Result of color transition test. The input image is artificially generated by code. Methods which capture global features ([3], [46], [56], and ours) showed natural transition results. However, ResNet [49] which only used local features failed to map proper colors. Vision Trasnformer methods ([46] and ours) commonly have a difficulty of restoring blue colors or yellow colors.
F. Ablation Study
To verify the effects of each component [49], [50], [51], we performed an ablation study on each layer. RSTL showed a higher score than the CNN-based methods as shown in Table 2. We firstly expected SE module [51] could bring performance boost as described in [47] which introduced a new Vision Transformer architecture adding SE module on the basic layer of ViT [44]. SE-STL scored higher than CNN-based methods but could not bring performance improvement compared to RSTL. In [47], dense connection hindered training of Vision Transformer. As the experimental results of SE-STL showed the opposite result to [47], we expected dense connection in low-level problems would be positive. As a result, DSTL recorded a higher score than RSTL. The result can be shown in Table 4. To effectively use richer information of dense connection, we added SE module on DSTL (DSE-STL). As we expected, DSE-STL scored the highest in PSNR and SSIM with the margin of 0.79dB and 0.0014, respectively.
G. User Study
We conduct a user study and compare our approach to AGCM [3] and SwinIR [46] in order to further confirm the perceptual quality. 15 people took part in the user study that we conducted. 5 people are women and the others are men. 20 photos are chosen at random from the HDR synthesized images. We show people two images of ground truth and a synthesized image to compare image quality. We asked participants to rate their preferences between ground truth and synthesized image on a scale of -3, -2, -1, 0, 1, 2, 3, with 3 indicating that our result is significantly better and -3 suggesting it is not.
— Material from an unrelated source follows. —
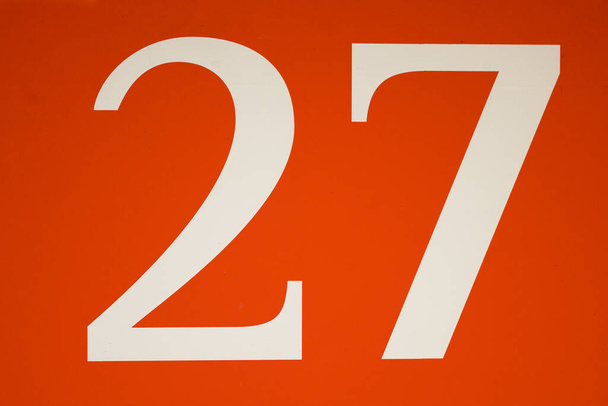 Kolorowy czerwono-biały znak z numerem dwadzieścia siedem - 27 - wzorzyste w centrum w pełnym widoku ramki - Zdjęcie, obraz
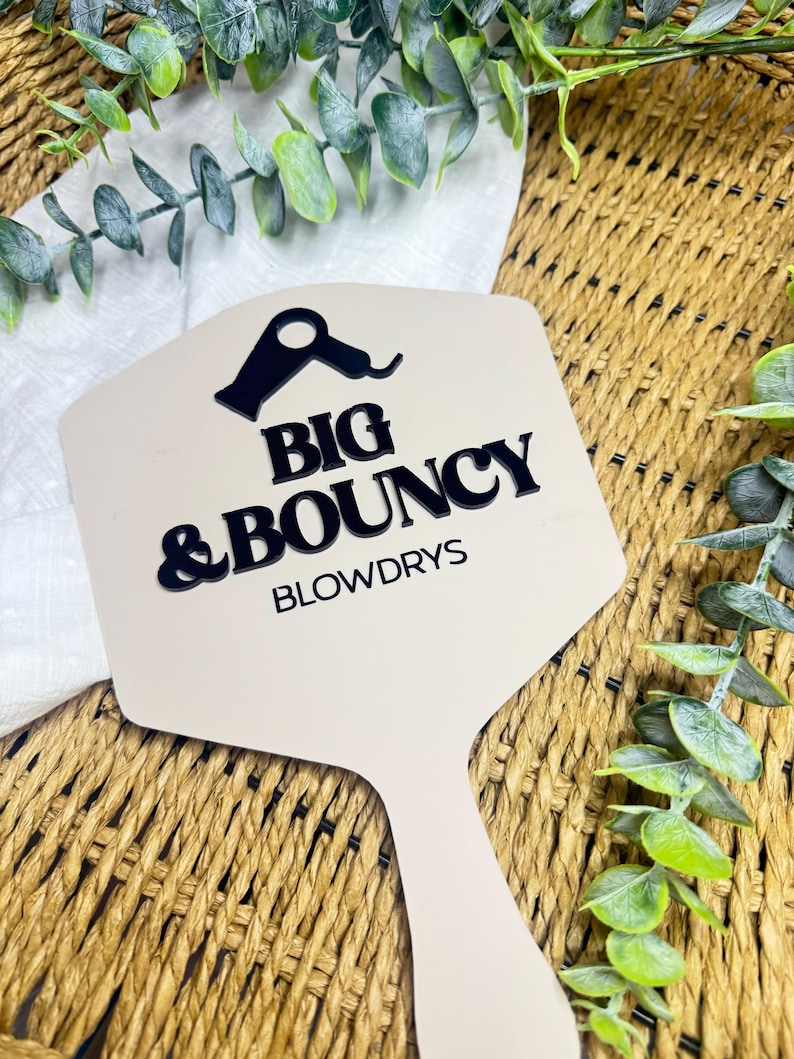 May include: A beige hand mirror with a black graphic of a hair dryer and the black text BIG & BOUNCY BLOWDRYS printed on the surface. The mirror has a hexagonal head and a handle, featuring a clean, flat design with bold lettering.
As shown in Table 5, our strategy outperformed others in terms of visual performance. The outperformed results are because our proposed method utilizes both Vision Transformer and CNN architecture so that it easily conducts global and local mapping.
Discussion
We used images of the dataset from HDRTVNet [3]. It is consist of converted images of 22 pairs of SDRTV and HDRTV videos. We used images during the training and test time. To extend image results to video results, We found that our method works well in the video with ignorable temporal distortions. We verified that the proposed method can be applied further to the video domain.
Conclusion
We introduced DSE-STL as a new Vision Transformer architecture for low-level vision problems. We found that Vision Transformer methods including DSE-STL is capable of addressing the SDRTV-to-HDRTV conversion problem better than CNN-based methods [3], [49], [56]. Also, we showed the architectural strategies proposed for CNN can boost the performance of Vision Transformer such as residual connection [49], dense connection [50], and SE module [51]. Through quantitative experimental and visualization results, we verified our method is outperforming in terms of metrics and visual quality.
ACKNOWLEDGMENT
(Joon-ki Bae and Subin Yang contributed equally to this work.)